** WHAT YOU SHOULD DO **
From the records below, transcribe exactly the lines that begin at the line with "Zapatillas de running" and end at the line with "Star Wars Mandalorian", both included.
*** INPUT Section Begins ***
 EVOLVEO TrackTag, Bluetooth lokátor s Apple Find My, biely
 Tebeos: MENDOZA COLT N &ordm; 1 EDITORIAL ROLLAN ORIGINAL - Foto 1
*** INPUT Section Ends ***
*** INPUT Section Begins ***
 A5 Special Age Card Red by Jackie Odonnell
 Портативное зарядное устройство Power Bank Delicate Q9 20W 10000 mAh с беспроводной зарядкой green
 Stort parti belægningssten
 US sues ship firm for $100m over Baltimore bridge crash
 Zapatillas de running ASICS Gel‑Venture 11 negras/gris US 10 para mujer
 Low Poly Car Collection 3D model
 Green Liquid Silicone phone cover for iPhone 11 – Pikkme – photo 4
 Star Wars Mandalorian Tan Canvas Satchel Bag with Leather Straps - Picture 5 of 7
*** INPUT Section Ends ***
** SOLVED EXERCISE **
 Zapatillas de running ASICS Gel‑Venture 11 negras/gris US 10 para mujer
 Low Poly Car Collection 3D model
 Green Liquid Silicone phone cover for iPhone 11 – Pikkme – photo 4
 Star Wars Mandalorian Tan Canvas Satchel Bag with Leather Straps - Picture 5 of 7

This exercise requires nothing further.